In each of these cases, there is a massive network of parallel moving belts, the inner ones moving faster. Passengers are screened from wind, and there are chairs and even shops on the belt. In the Heinlein work the fast lane runs at 100 mph (160 km/h), and the first "mechanical road" was built in 1960 between Cincinnati and Cleveland. The relative speed of two adjacent belts is 8.0 km/h (5 mph) (in the book, the fast lane stops while the second lane keeps running at 153 km/h (95 mph)). In the Wells and Asimov works there are more steps in the speed scale and the speeds are less extreme.

In Arthur C. Clarke's novel, Against the Fall of Night (later rewritten as The City and the Stars) the Megacity of Diaspar is interwoven with "moving ways" which, unlike Heinlein's conveyor belts, are solid floors that can mysteriously move as a fluid. In the novel, Clarke writes,

An engineer of the ancient world would have gone slowly mad trying to understand how a solid roadway could be fixed at both ends while its centre travelled at a hundred miles an hour... The corridor still inclined upwards, and in a few hundred feet had curved through a complete right-angle. But only logic knew this: to the senses it was now as if one were being hurried along an absolutely level corridor. The fact that he was in reality travelling up a vertical shaft thousands of feet deep gave Alvin no sense of insecurity, for a failure of the polarizing field was unthinkable.

In his non-fiction book Profiles of the Future, Arthur C. Clarke mentions moving sidewalks but made of some sort of anisotropic material that could flow in the direction of travel but hold the weight of a person. The fluid would have the advantage of offering a continuous gradient of speed from the edge to edge so there would be no jumps, and simply moving from side to side would effect a change in speed.

In the Strugatsky brothers' Noon Universe, the worldwide network of moving roads is one of the first megaprojects undertaken on newly united Earth, before the advent of FTL starships and its consequences turned everybody's attention to the stars. These roads there are quasiliving organisms similar to Clarke's description and were used for both local commuting and long-distance non-urgent transport until their use was eclipsed by an instant teleportation network.

The animated TV series The Jetsons depicts moving walkways everywhere, even in private homes.

Slidewalk

A slidewalk is a fictional moving pavement structurally sound enough to support buildings and large populations of travelers. Adjacent slidewalks moving at different rates could let travelers accelerate to great speeds. The term is also used colloquially for a conventional moving walkway.

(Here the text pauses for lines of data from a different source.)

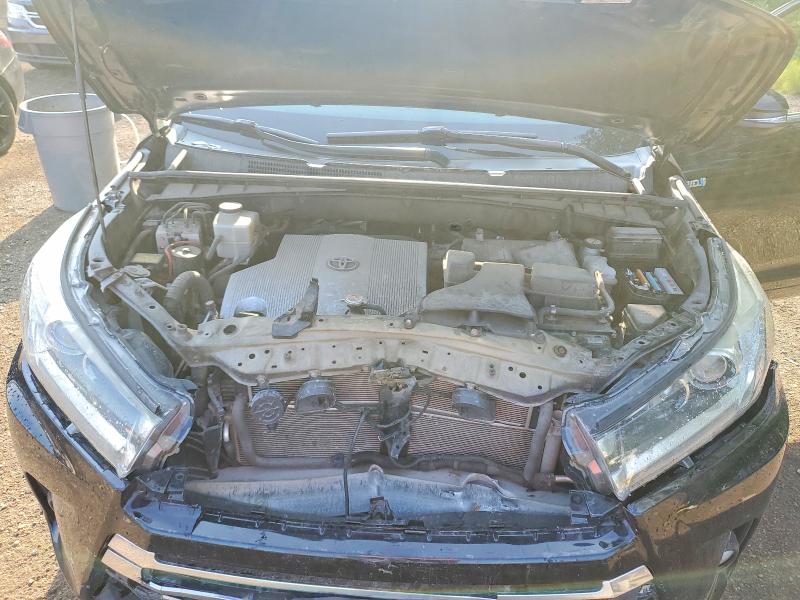58604936 :رقم المزاد ، 5TDJGRFH1JS050597 vin ، 2018 Toyota Highlander Hybrid مزاد بيع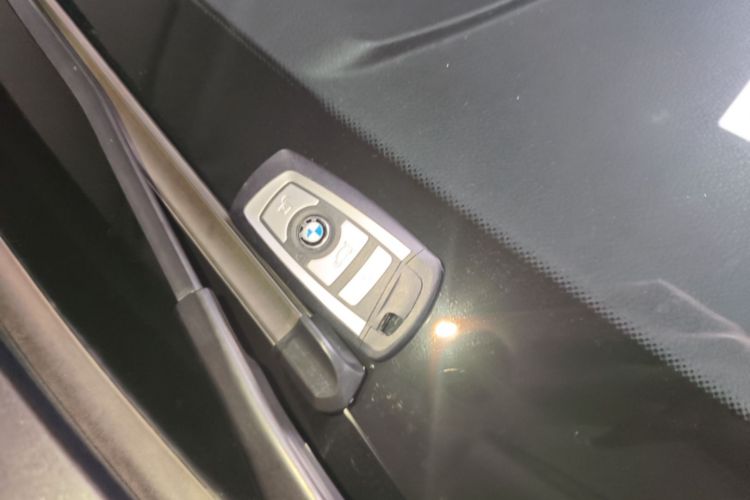 BMW 3 Series GT 2019 car image #9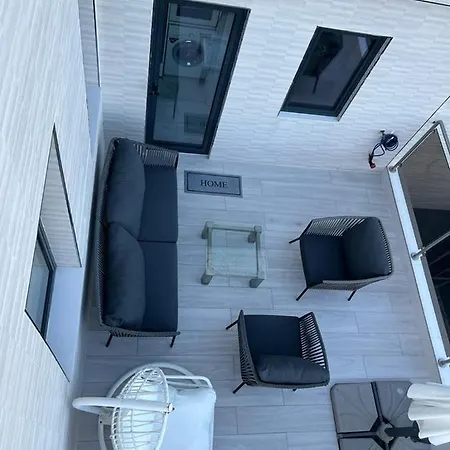 Hébergement de vacances Deluxe House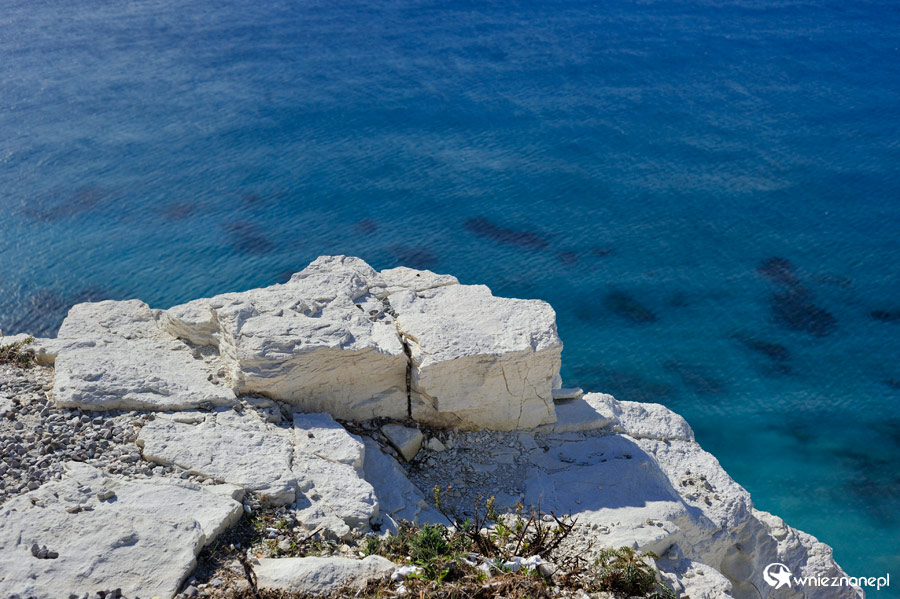 Cypr zimą. Nawet w styczniu woda w okolicy Petra tou Romiou ma piękny niebieski kolor. - foto: wnieznane.pl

They were imagined by science fiction writer H. G. Wells in When the Sleeper Wakes. Robert A. Heinlein made them the instruments of social upheaval in the 1940 short story The Roads Must Roll. Isaac Asimov, in his Robot series, imagined slidewalks as the potential method of transportation of practically the entire urban population on Earth, with expressways moving at up to 95 km/h (60 mph) equipped with seating accommodations for long-distance travel, and with slower subsidiary tracks branching off from the main lines. Arthur C. Clarke also used them in The City and the Stars. Larry Niven used them in Ringworld and Flatlander. Slidewalks figure prominently in The Jetsons.